Top of Supplied entries

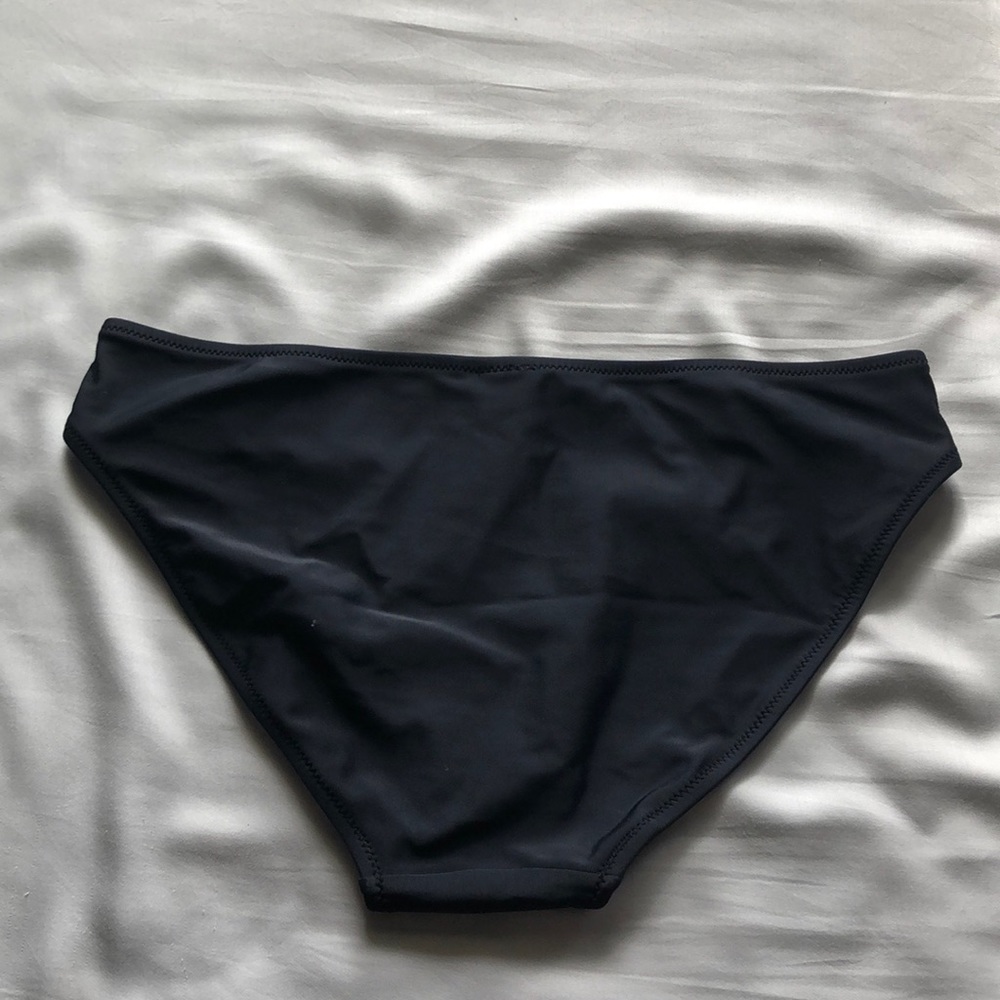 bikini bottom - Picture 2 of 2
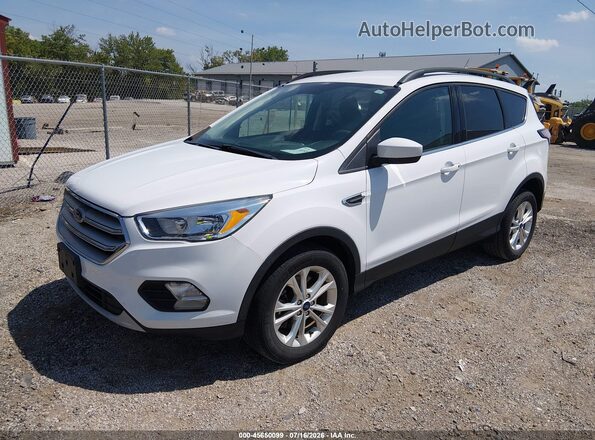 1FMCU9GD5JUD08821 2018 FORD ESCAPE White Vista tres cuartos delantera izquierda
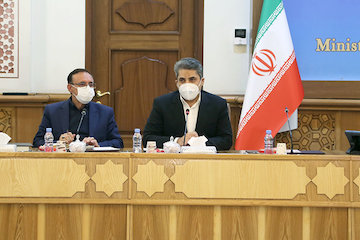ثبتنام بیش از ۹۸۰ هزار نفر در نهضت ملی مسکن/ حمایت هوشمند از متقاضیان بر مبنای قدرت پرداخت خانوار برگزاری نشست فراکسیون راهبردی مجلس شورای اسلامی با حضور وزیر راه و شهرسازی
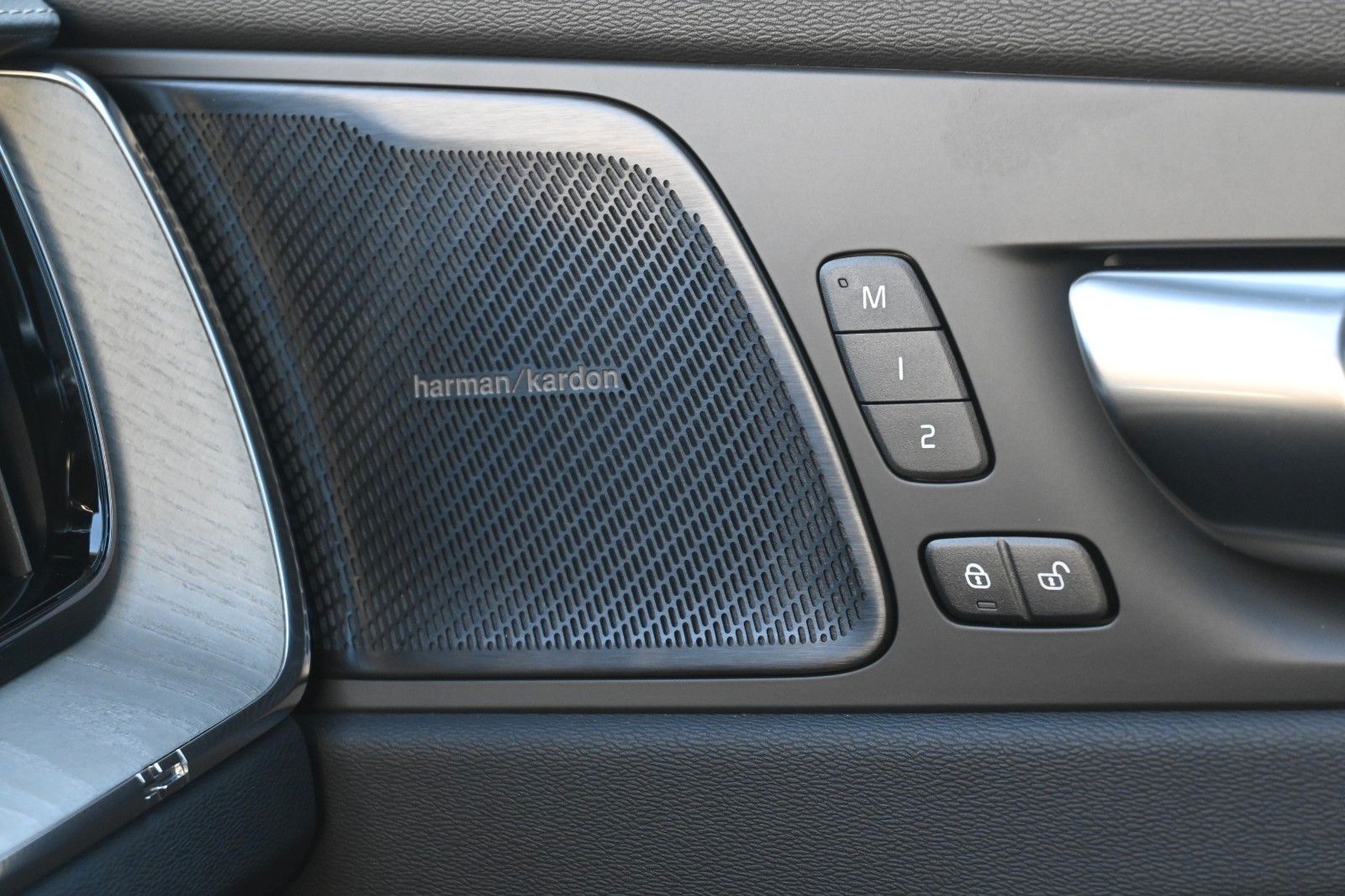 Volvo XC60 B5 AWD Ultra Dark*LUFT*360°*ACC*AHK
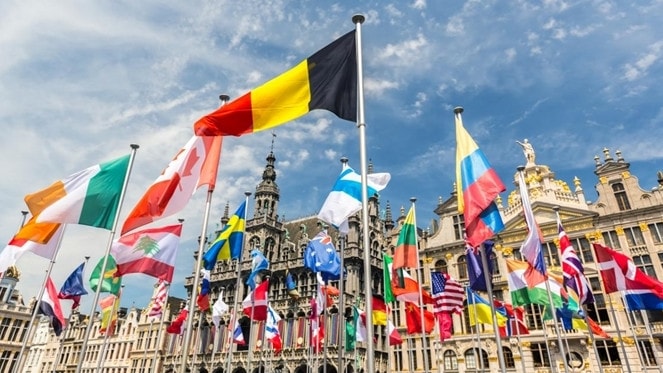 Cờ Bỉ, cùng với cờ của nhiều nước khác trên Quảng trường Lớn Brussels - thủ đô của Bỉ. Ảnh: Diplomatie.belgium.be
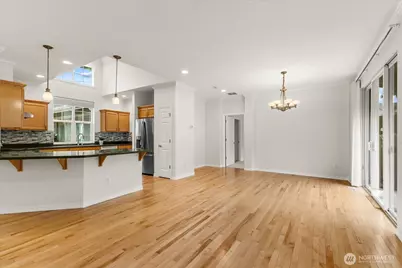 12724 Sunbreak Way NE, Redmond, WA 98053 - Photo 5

Bottom of Supplied entries
Top of Supplied entries

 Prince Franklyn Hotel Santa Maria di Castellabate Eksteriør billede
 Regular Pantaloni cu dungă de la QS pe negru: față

Bottom of Supplied entries

# Task goal
Starting at the line containing "bikini bottom - Picture 2 of 2" and stopping at the line containing "12724 Sunbreak Way", output every line above exactly, both ends included, with pictures omitted.

# Reply
 bikini bottom - Picture 2 of 2
 1FMCU9GD5JUD08821 2018 FORD ESCAPE White Vista tres cuartos delantera izquierda
ثبتنام بیش از ۹۸۰ هزار نفر در نهضت ملی مسکن/ حمایت هوشمند از متقاضیان بر مبنای قدرت پرداخت خانوار برگزاری نشست فراکسیون راهبردی مجلس شورای اسلامی با حضور وزیر راه و شهرسازی
 Volvo XC60 B5 AWD Ultra Dark*LUFT*360°*ACC*AHK
 Cờ Bỉ, cùng với cờ của nhiều nước khác trên Quảng trường Lớn Brussels - thủ đô của Bỉ. Ảnh: Diplomatie.belgium.be
 12724 Sunbreak Way NE, Redmond, WA 98053 - Photo 5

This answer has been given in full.